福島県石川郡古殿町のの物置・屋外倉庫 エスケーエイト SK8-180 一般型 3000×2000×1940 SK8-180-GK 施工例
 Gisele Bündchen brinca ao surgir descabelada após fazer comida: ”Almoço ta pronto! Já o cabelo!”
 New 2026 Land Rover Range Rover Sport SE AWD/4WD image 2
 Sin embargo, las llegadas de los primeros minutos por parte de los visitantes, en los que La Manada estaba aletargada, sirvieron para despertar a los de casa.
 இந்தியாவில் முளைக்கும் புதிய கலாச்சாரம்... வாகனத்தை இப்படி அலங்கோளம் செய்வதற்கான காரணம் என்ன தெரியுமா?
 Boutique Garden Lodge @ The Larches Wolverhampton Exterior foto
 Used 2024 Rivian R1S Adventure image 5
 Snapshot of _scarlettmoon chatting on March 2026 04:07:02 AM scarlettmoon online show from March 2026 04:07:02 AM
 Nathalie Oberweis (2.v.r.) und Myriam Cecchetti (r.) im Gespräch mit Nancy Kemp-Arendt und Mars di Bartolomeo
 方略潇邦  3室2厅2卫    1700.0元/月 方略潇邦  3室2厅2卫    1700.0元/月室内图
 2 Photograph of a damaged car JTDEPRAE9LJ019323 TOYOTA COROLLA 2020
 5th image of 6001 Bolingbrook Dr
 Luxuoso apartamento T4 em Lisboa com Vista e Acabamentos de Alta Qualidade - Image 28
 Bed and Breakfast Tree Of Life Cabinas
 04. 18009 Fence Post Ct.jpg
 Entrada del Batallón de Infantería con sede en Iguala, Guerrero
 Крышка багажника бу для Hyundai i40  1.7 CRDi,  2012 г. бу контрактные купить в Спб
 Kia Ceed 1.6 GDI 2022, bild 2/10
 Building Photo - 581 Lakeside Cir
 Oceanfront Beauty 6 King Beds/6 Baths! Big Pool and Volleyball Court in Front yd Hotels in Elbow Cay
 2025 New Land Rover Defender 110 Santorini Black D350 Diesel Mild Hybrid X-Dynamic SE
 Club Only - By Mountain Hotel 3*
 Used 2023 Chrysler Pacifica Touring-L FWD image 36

------------------------------

**WHAT THE TASK ASKS:**
Scan the entries above for the string "Land", and copy every line where it turns up.

**FINISHED EXERCISE:**
 New 2026 Land Rover Range Rover Sport SE AWD/4WD image 2
 2025 New Land Rover Defender 110 Santorini Black D350 Diesel Mild Hybrid X-Dynamic SE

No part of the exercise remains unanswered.